Self-Hatred and Self-Pity Are Negative Emotions
How do you feel? Lousy? Maybe not right this moment, but a lot of the time? You feel… rotten. You often find yourself throwing pity parties, even if you don’t deserve them. We’re not talking about anxiety or depression here.
We’re talking about feeling for yourself all the time because you didn’t get a promotion, you missed out on a new job, you failed to get someone’s number, someone turning you down, you missed out on whatever. What you fail to realize is how damaging self-pity is, even if it feels comfortable right now.
Self-Pity and The Walls You Build
The ability to recognize the difference between legitimate misery and self-created misery is a boon. However, it can be a bit like telling identical twins apart. Self-pity provides you with an excuse, one that lets you out of trying. Whereas, a genuine depression makes it impossible to try, even if you really want to.
You probably know someone who isn’t as good as you in something, but they’re knocking it out of the park consistently. You wonder why they can do it, but you can’t. The truth is that you’re using self-pity as a way to avoid failure.
You can’t fail if you never bother to try. Failing is disappointing, but it’s much better than never putting yourself out there to take a risk.
It’s like dreaming of playing professional basketball, but you stopped growing when you hit 5’5″. Obviously, it’s disappointing to know that you will never be able to live your dream. What really bothers you, though, is that you never even got the chance to do it.
You have no idea why you can’t get a date, but… you can, if you stop blocking yourself. You may have to experience some rejections, but you can find dates if you put yourself out there. Just like if you want to write a book, you can, if you’re willing to commit yourself.
A Means to An End
It’s easy to justify your self-hatred, self-pity, and anger when you repeatedly compare yourself to the successful people around you. It’s a tempting trap to fall into and a powerful fuel. You look at other people your age (or maybe younger), they have a similar upbringing, but look at everything they have and everything they’ve done. How did they manage that, when you couldn’t?

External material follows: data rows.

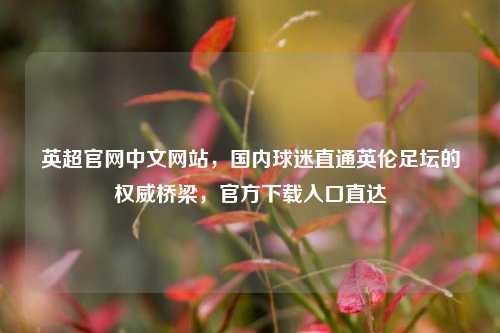 英超官网中文网站,国内球迷直通英伦足坛的权威桥梁,官方下载入口直达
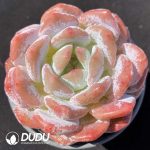 Echeveria Snow Angel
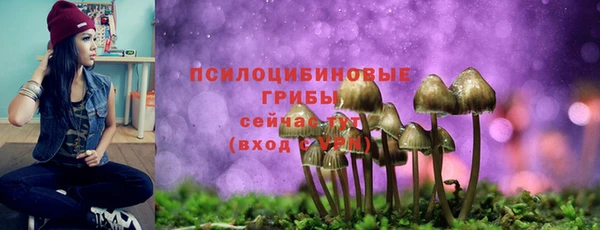 a pvp Кодинск
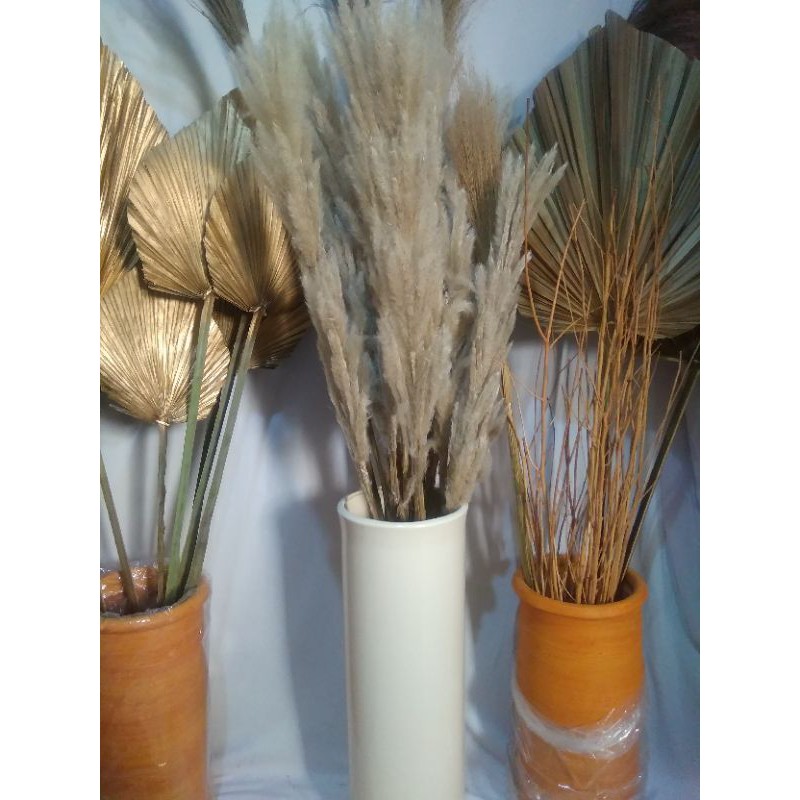 ilalang putih - ilalang kering - ilalang rustic - dried flower - bunga kering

What you’re doing, though, is setting yourself up for disappointment. You are insistent on finding someone to hold up as an example of everything you’re not. You are intentionally choosing to make yourself feel bad about what you have or haven’t achieved.
You can’t be happy because you are living in a rut of self-pity. The comparison allows you to make excuses not to try. It allows you to keep on keeping on, without ever genuinely applying yourself. You’d like to be better, but it doesn’t seem obtainable so, why bother at all?
You feel miserable because you feel sorry for yourself, but you’re in a routine now, and you can’t get over it. So, you have created a self-destructive pattern fueled by your negative emotions and combined with the absurd excuses that you created based on how you perceive others.
You have managed to convince yourself that everyone else is deeply happy, that they’re all healthy, and it’s not your fault that you’re so miserable. You have created this narrative. Your suffering isn’t ignorant at all; it’s noble! Every morning that you drag yourself out of bed and push yourself to get to work, you have achieved exactly what everyone else has.
It is incredibly arrogant to assume that you’re the only person in your life with problems. Yet, that’s exactly what you’re doing, and it makes you feel better, even if it’s brief. Self-pity is reliable; it’s like your favorite pair of jeans or a hoodie you can’t just throw away. It provides you with routine. You go through the same nasty habits and negative emotions every day. You never need to deal with failure or rejection because you never apply yourself. Self-pity and self-hatred are negative emotions that are holding you back from living your best life.